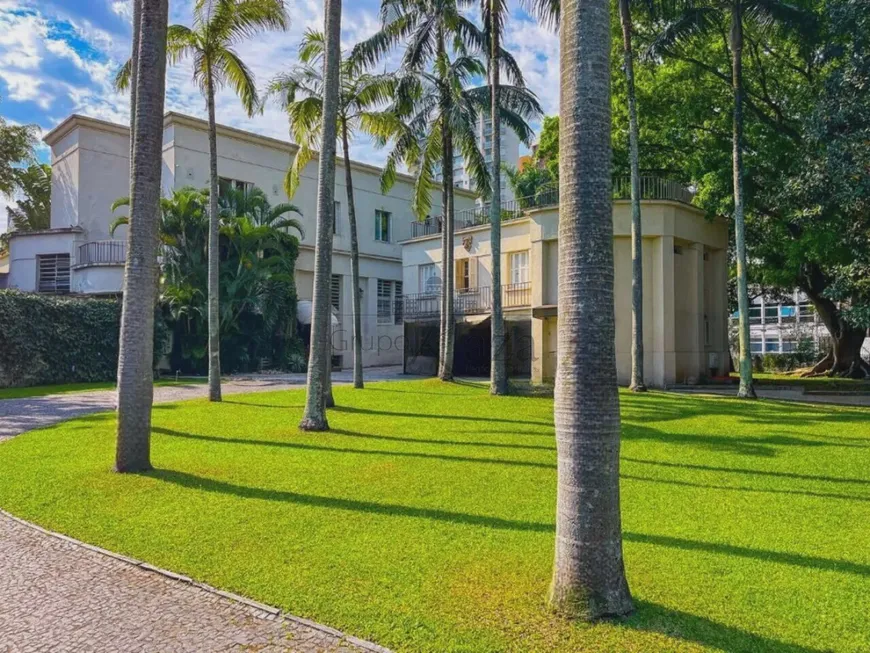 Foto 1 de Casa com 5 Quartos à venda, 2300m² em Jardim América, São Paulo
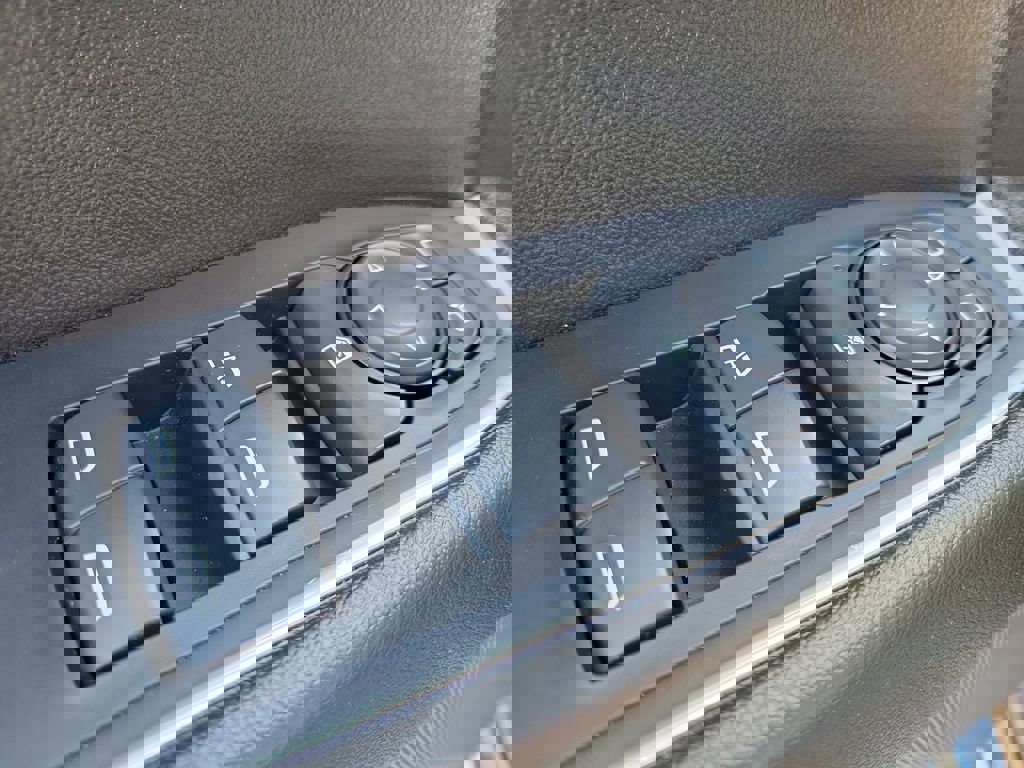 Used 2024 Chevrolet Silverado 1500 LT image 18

--------------------------------------------------

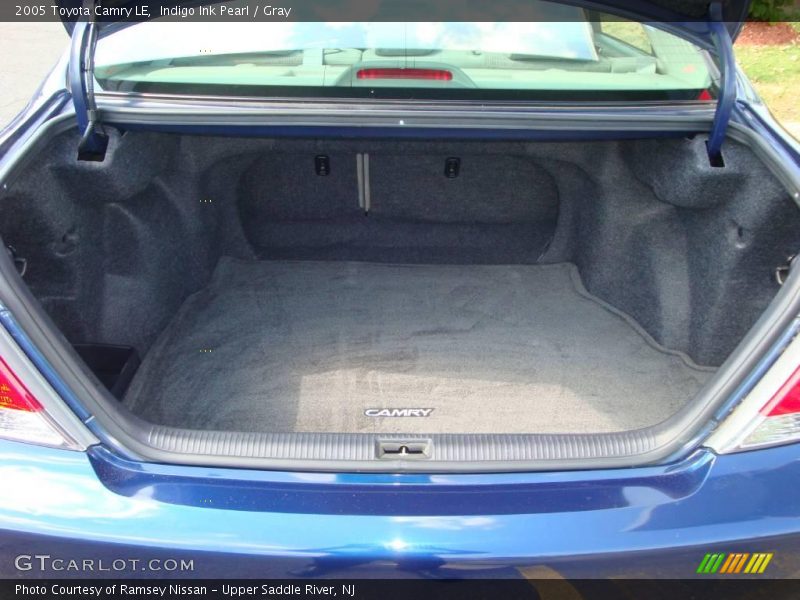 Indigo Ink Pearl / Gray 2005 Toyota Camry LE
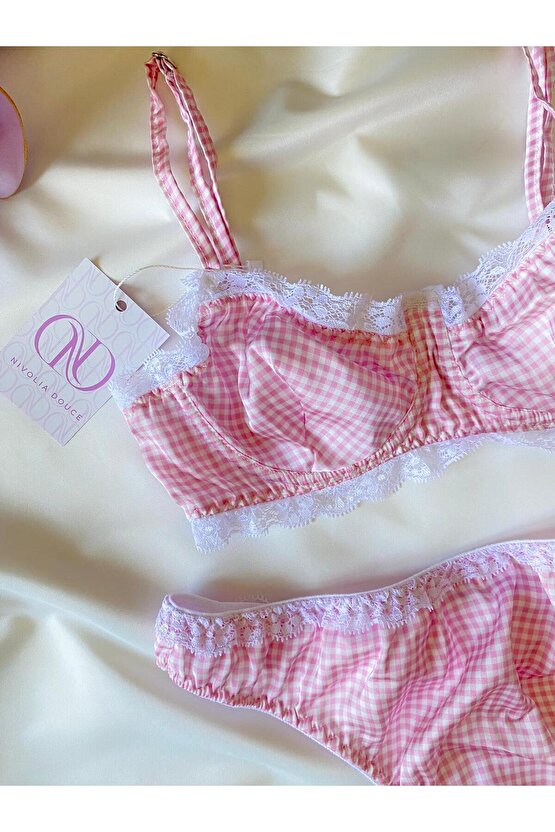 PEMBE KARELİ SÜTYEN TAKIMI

--------------------------------------------------

Task item:
Range to copy from the records above: the line containing "Foto 1 de Casa" to the line containing "Used 2024 Chevrolet", both included. Output those lines exactly and only those, skipping pictures.

Result of this task:
 Foto 1 de Casa com 5 Quartos à venda, 2300m² em Jardim América, São Paulo
 Used 2024 Chevrolet Silverado 1500 LT image 18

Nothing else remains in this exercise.